------ Input for this task
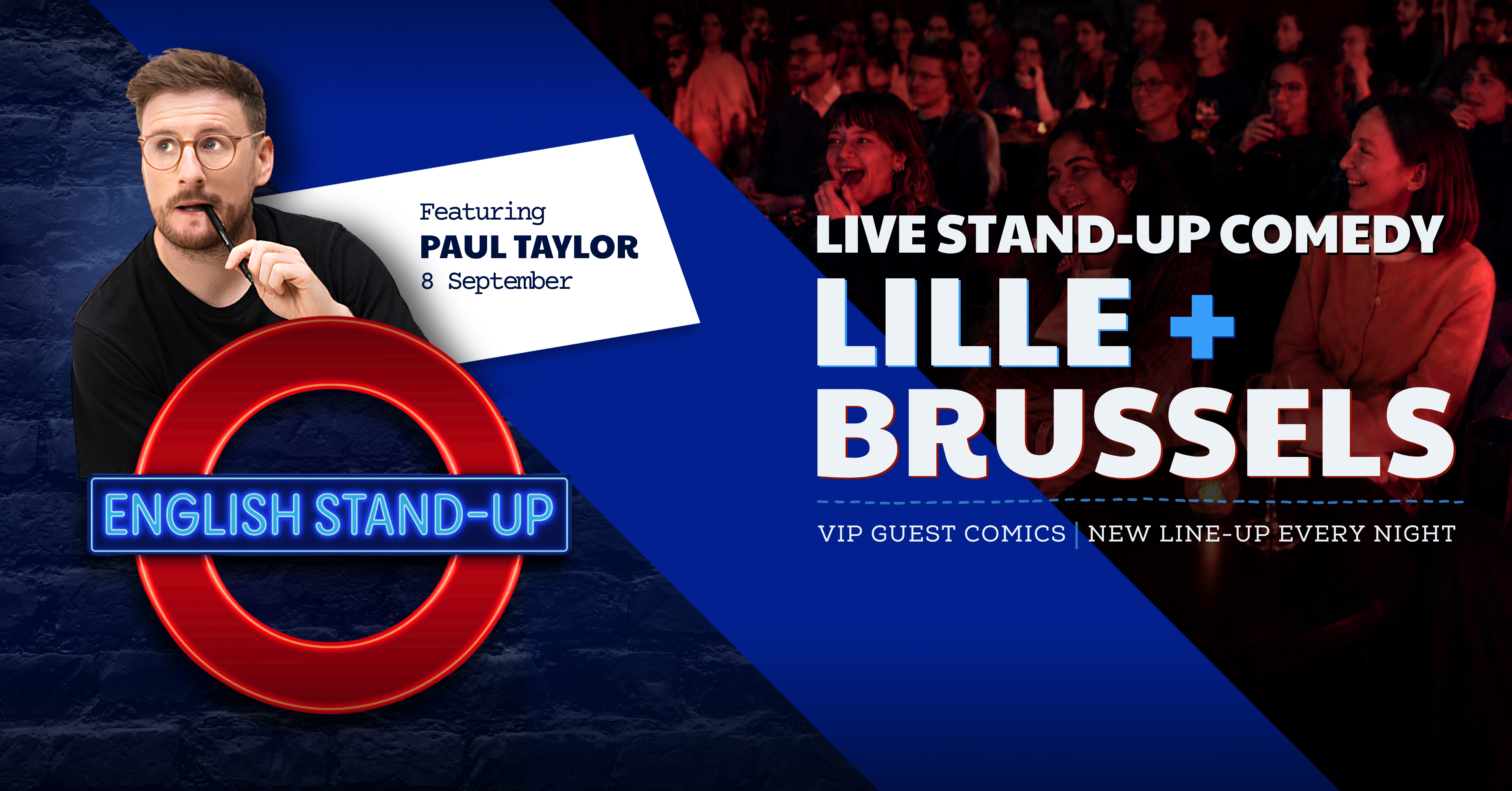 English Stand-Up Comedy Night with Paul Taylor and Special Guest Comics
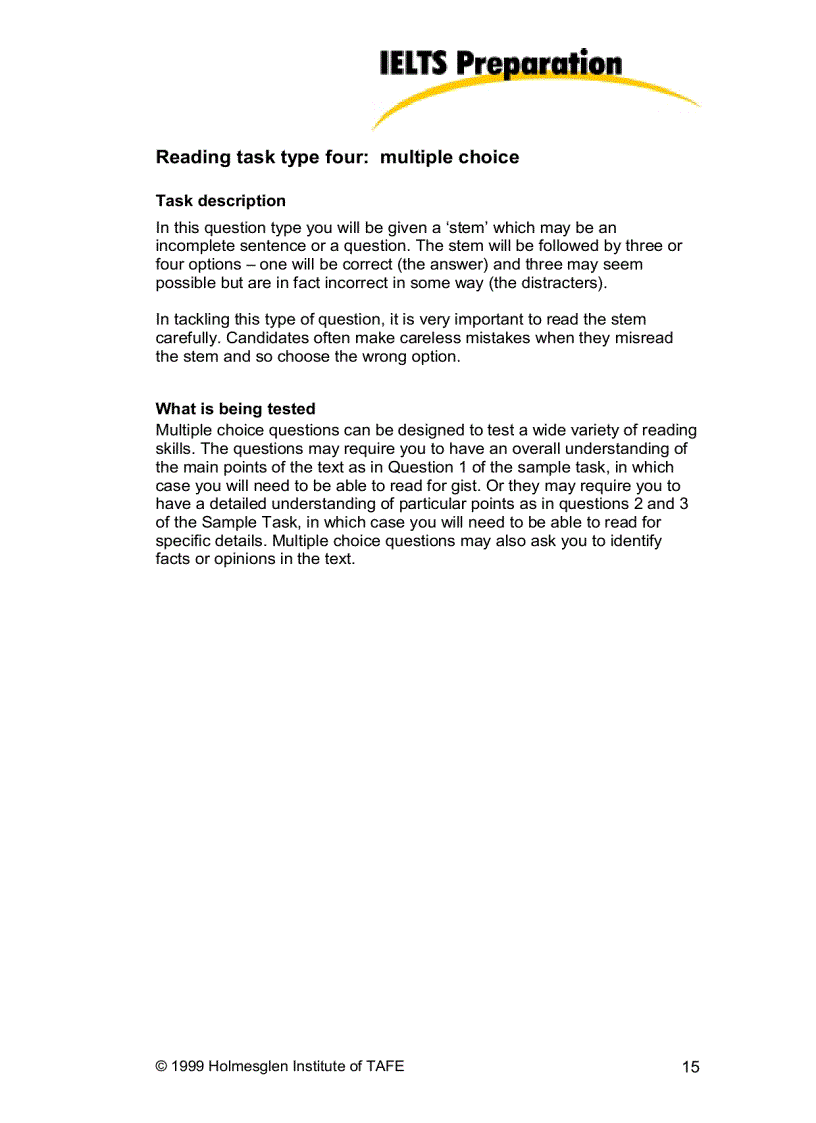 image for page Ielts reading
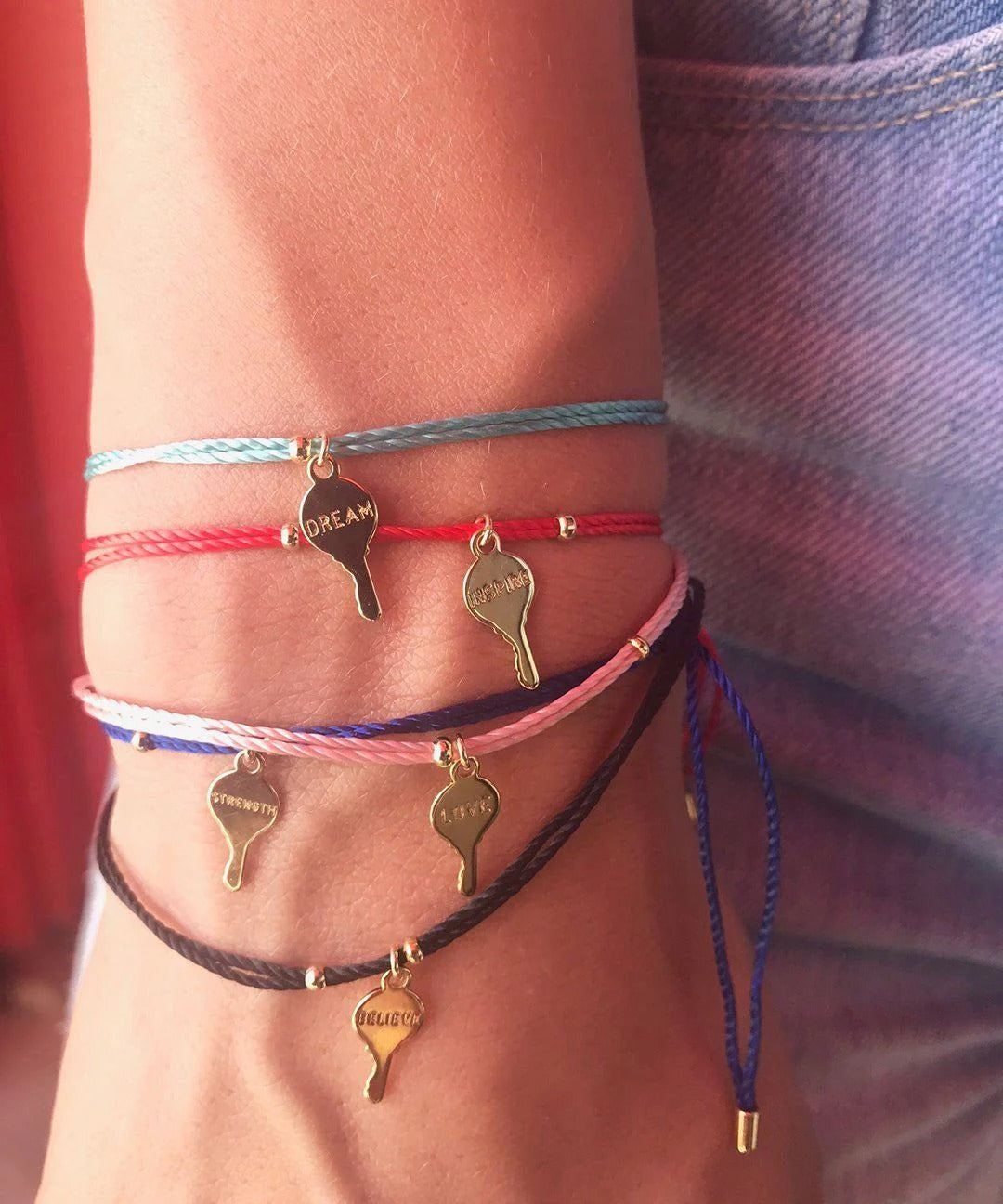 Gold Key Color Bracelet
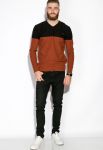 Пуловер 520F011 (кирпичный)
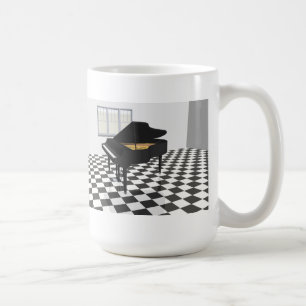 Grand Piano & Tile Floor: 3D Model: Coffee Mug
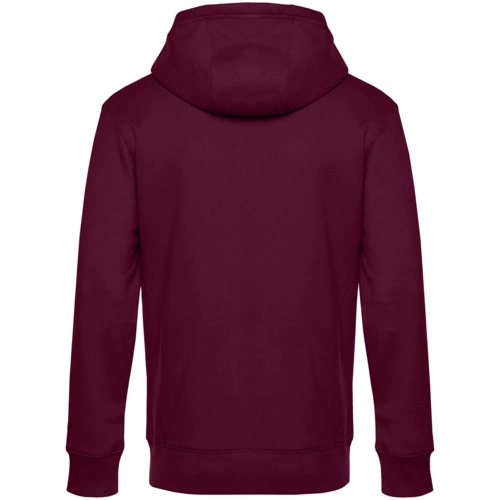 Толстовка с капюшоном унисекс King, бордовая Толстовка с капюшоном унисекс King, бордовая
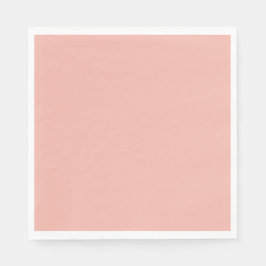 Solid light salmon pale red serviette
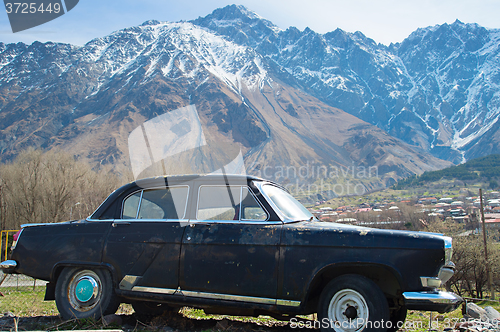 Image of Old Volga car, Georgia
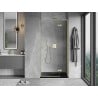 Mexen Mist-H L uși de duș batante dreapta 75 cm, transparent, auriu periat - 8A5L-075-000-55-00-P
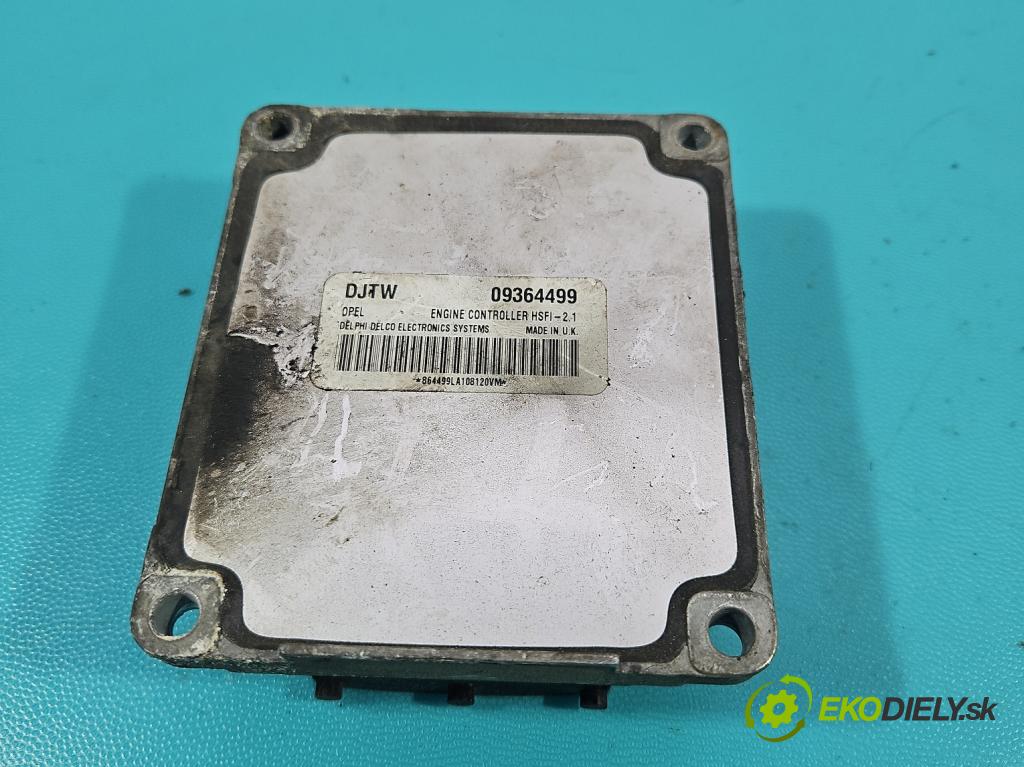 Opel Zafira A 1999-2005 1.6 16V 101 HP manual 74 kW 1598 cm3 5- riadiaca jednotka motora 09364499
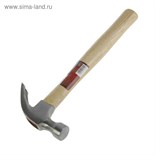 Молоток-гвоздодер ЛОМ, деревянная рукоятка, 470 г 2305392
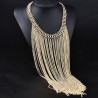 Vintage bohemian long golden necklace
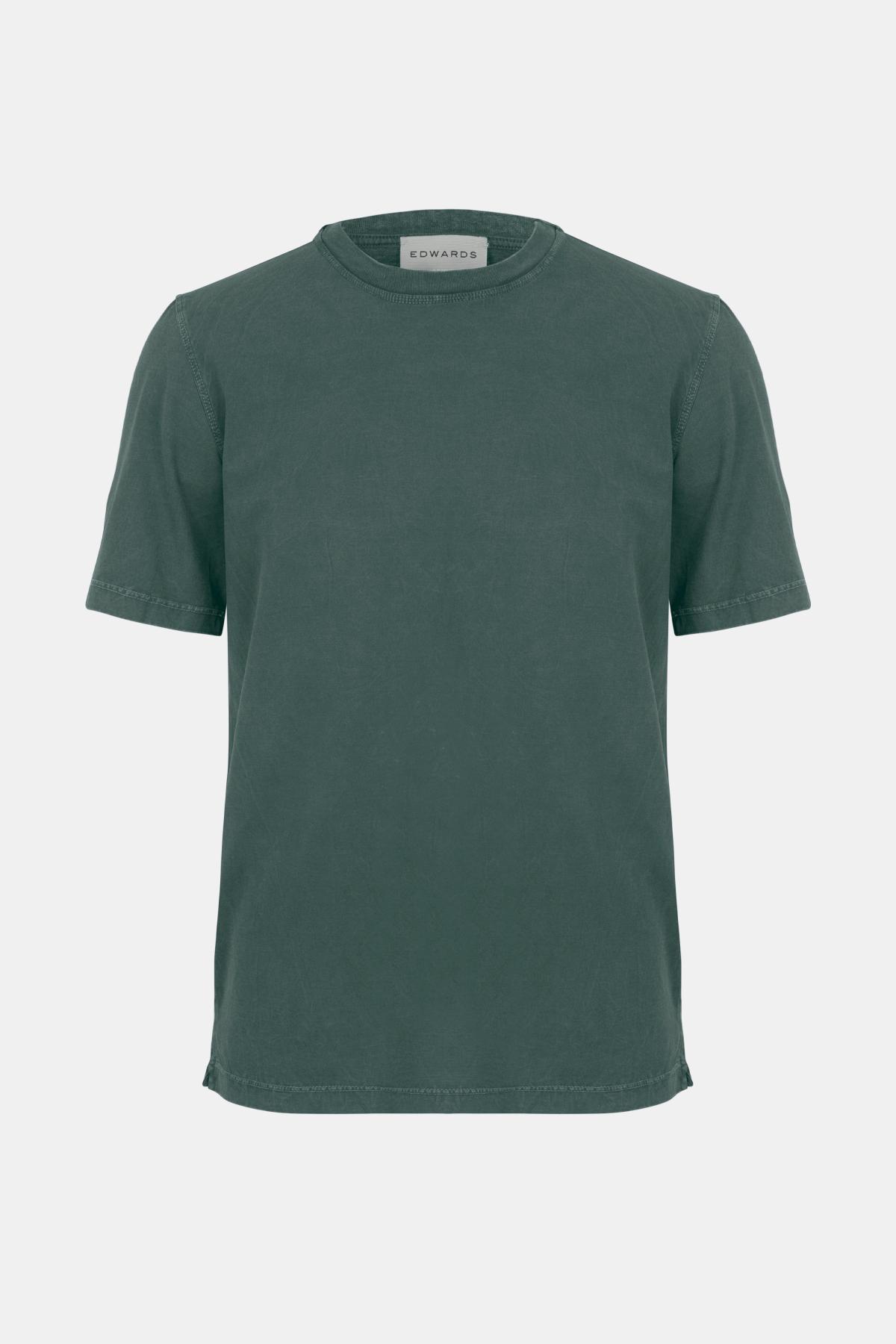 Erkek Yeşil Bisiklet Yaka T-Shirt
------------
_Exercise details_
Extract exactly the lines from the one containing "Пуловер 520F011 (кирпичный)" through the last line of the records above, both included, and leave out the pictures.

_Response_
 Пуловер 520F011 (кирпичный)
 Grand Piano & Tile Floor: 3D Model: Coffee Mug
 Толстовка с капюшоном унисекс King, бордовая Толстовка с капюшоном унисекс King, бордовая
 Solid light salmon pale red serviette
 Image of Old Volga car, Georgia
 Mexen Mist-H L uși de duș batante dreapta 75 cm, transparent, auriu periat - 8A5L-075-000-55-00-P
 Opel Zafira A 1999-2005 1.6 16V 101 HP manual 74 kW 1598 cm3 5- riadiaca jednotka motora 09364499
 Молоток-гвоздодер ЛОМ, деревянная рукоятка, 470 г 2305392
 Vintage bohemian long golden necklace
 Erkek Yeşil Bisiklet Yaka T-Shirt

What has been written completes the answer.